I have just got really heavily into dating bisexual Woodley escorts, and now I just can’t get the girls out of my head. They have sort of become part of me, and I keep waking up with the sexiest dreams that I have had. It is not really a problem for me, but I am worried that I am becoming addicted to dating bisexual escorts. None of the things that I see in my dreams, I have ever seen any of my escorts do, but I still keep dreaming about it. You may say that I have a very rich fantasy life.

To be perfectly honest, I never used to dream a lot, but since dating bisexual Woodley escorts from https://charlotteaction.org/woodley-escorts that has all changed. My dreams are now full of frolicking and wriggling bisexual hot babes, and I have never felt this horny in my entire life. I just don’t seem to be able to stop my dreams, and sometimes they even come to me during the day. It is a bit like being possessed but in a very positive sort of way. I wonder if you can become possessed by bisexual escorts. I can almost hear their voices in my head.

Before I started to date bisexual Woodley escorts, I was not turned on by bisexual girls at all. Porn movies with bisexual girls in them used to turn me off and I always just switched them off after a while. Now, I can’t get enough of porn movies with bisexual girls neither, and I watch them all the time. There are also a couple of websites who are dedicated to bisexual girls, and I find that I am always surfing the net looking for bisexual girls or information about them. They are just so sexy and I want to be with them all the time.

This year I am planning to ultimate holiday experience. A couple of the bisexual Woodley escorts that I date have told me about this place in Jamaica called Hedonism. Apparently they go their every year, and this year they have asked me to come along. We have all booked our separate rooms, but I understand that it is one of these places where anything goes. They even have special sexy play rooms that you can book up with your hot date, and enjoy what they call play time. Can’t wait to see what it is like.

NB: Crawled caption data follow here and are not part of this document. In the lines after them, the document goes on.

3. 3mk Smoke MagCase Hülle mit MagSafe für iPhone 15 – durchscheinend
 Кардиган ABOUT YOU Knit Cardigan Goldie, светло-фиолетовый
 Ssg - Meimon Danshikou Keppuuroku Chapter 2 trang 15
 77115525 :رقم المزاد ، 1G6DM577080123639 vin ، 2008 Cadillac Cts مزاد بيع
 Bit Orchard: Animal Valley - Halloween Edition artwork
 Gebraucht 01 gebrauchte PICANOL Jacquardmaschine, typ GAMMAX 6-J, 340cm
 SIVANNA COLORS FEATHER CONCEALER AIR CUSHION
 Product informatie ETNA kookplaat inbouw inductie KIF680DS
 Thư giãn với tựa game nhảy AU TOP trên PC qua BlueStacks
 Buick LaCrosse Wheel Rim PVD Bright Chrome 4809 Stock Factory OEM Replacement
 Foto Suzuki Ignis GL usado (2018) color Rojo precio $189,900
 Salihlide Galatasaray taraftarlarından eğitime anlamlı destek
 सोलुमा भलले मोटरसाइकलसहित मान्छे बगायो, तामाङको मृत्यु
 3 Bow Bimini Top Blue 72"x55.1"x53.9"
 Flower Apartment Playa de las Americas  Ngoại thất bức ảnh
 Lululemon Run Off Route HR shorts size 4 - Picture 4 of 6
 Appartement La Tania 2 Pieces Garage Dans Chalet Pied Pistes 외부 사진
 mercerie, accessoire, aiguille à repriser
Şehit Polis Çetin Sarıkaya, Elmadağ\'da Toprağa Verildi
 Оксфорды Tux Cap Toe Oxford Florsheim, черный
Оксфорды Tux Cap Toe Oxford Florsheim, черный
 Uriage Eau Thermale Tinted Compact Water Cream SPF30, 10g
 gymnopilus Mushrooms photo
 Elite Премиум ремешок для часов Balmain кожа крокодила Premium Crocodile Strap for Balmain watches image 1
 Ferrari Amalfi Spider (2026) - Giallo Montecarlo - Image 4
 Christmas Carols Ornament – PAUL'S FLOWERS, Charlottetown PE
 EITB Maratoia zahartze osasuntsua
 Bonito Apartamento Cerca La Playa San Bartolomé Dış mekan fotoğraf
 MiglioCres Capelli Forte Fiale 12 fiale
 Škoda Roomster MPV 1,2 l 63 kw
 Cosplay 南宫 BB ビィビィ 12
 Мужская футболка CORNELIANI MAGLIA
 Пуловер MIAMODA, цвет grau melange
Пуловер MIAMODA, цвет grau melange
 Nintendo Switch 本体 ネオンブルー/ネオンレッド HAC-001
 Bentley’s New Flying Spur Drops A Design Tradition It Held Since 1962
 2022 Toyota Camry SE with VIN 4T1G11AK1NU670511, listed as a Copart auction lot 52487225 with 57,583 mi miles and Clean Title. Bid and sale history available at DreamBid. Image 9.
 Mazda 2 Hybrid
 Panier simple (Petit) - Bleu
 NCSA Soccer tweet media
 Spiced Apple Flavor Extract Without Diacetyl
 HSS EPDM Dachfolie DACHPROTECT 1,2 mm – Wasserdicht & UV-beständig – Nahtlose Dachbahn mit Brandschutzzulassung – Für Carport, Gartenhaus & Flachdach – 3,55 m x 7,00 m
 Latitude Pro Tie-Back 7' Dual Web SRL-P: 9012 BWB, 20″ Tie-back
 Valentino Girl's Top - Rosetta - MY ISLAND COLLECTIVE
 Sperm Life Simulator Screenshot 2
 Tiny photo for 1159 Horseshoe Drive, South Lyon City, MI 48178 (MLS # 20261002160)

I often feel that I am living in an adult toyshop and I am having one kinky experience after another. Surely, life cannot get any better than this, and I think that I have found the love of my life with Woodley escorts. Every time I am away from my bisexual escorts, I start going absolutely mad with desire. Perhaps it is just a stage that I am going through, or could it be that I have finally found the meaning of life? Could I be doomed to forever date hot and horny bisexual girls? I hope I am that lucky.